The authority has been a key recipient of the nearly $2 billion in Bioshield funds that have been shifted into this fiscal year to separate HHS programs for work on anti-WMD drugs and other disease projects. A 2012 analysis by two issue experts indicated that about $1 billion had by then gone to BARDA coffers through the prior budget year.

It could not be immediately determined how much money remains in the Bioshield Special Reserve Fund, as not all funds that are allocated have necessarily been spent. The program's mandate ends in the fiscal year that begins on Oct. 1, but two bills submitted this year in Congress would maintain the project.

While the Obama administration asserted the funding shifts would bolster “future successful acquisitions of medical countermeasures under Project Bioshield,” the Congressional Research Service warned last year that “continued transfers would reduce the amount of money available for countermeasure procurement, could affect the willingness of developers to participate in Project Bioshield and might change the respective roles of the federal government and private developers in countermeasure development.”

Continuous withdrawals of money from the program are “concerning,” Adalja said. “I think Bioshield was signed into law with this specific purpose. I think that any diminution in the amount of the Special Reserve Fund hampers its ability to do what it was designed to do.”

Health and Human Services made the case for maintaining the program and ensuring it has needed funding in its new report. “Without an ongoing Special Reserve Fund we risk losing the base of industrial partners we depend on for the development and manufacture of biodefense products,” Lurie wrote.

This month’s HHS document makes clear that the department sees implementation of Project Bioshield and its broader countermeasure program as a developing process.

The department this year issued a strategic plan for its Public Health Emergency Medical Countermeasures Enterprise and has enacted measures suggested in a 2010 countermeasures review, among other work noted by Lurie.

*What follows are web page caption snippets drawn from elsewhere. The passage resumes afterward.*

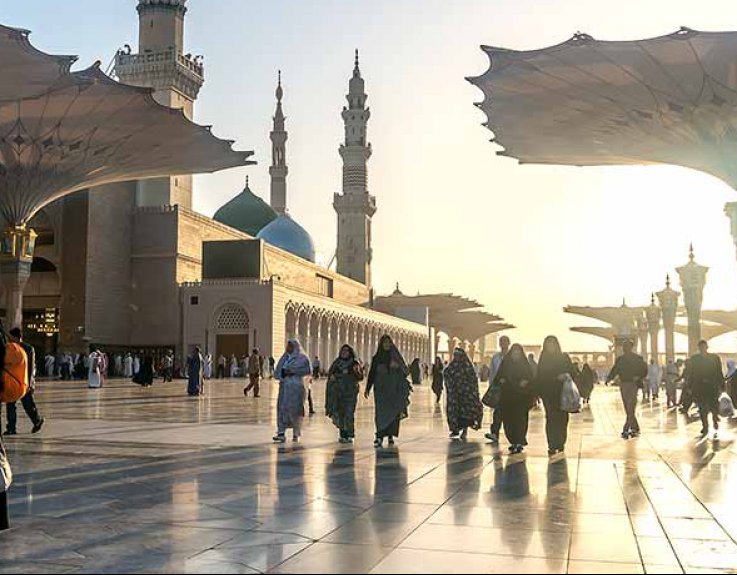 7 Nights 3 Star Easter Umrah Package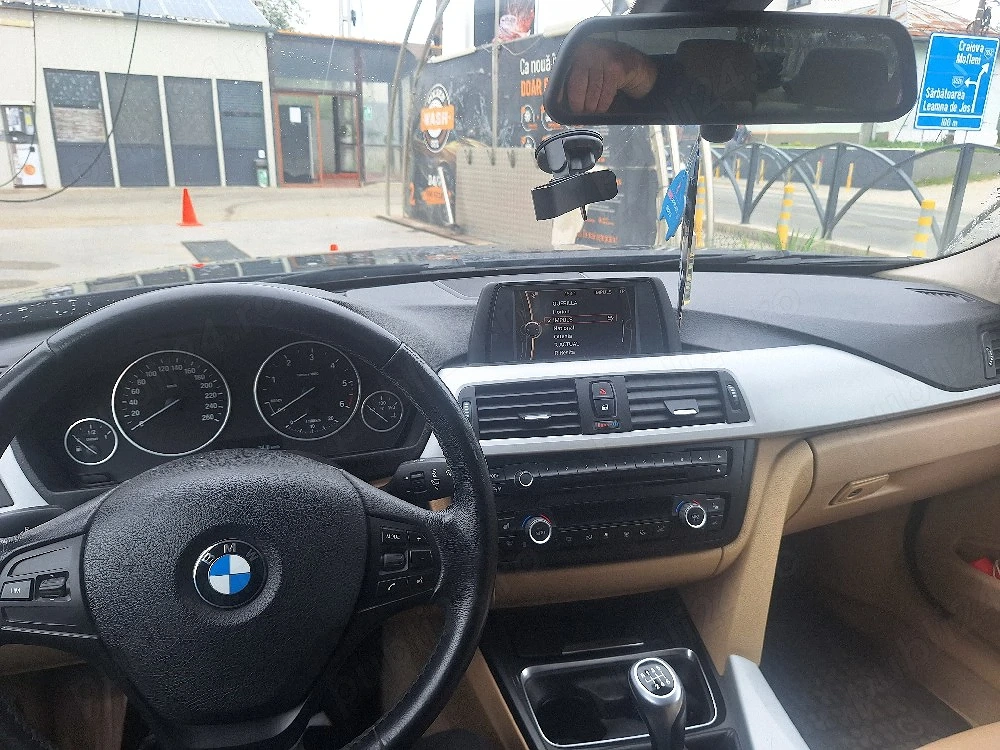 bmw f30 1.8 diesel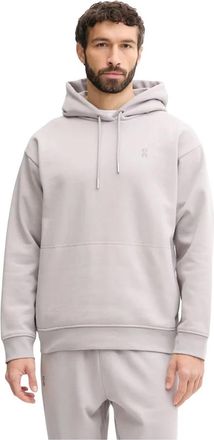 On Running Fitness, Heren, Paars, S, Katoen, Club Collective Hoodie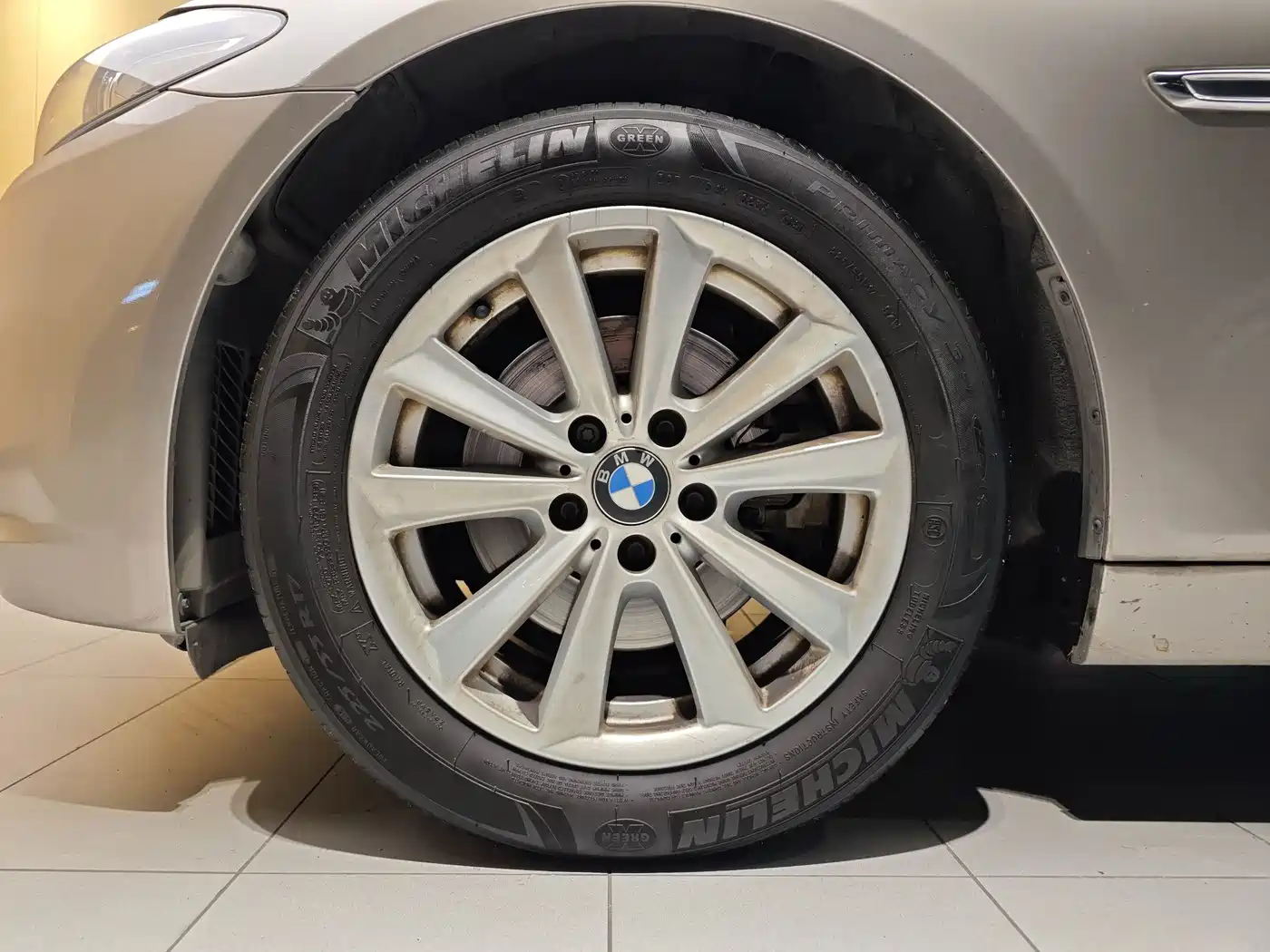 BMW 5 Series 2014 520Li Elegance фото 5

One key HHS aim is to provide funding and business direction to developing biotechnology firms that could deliver medical countermeasures that would have applications against multiple threats.

“Despite our progress since 2004, we continue to face serious threats that could have catastrophic consequences to our public and medical health,” Lurie wrote. “With the continued dedication of our partners and support for investment in novel technologies and productions, our national health security will continue to improve and our communities will become more resilient in the face of public health and medical incidents.”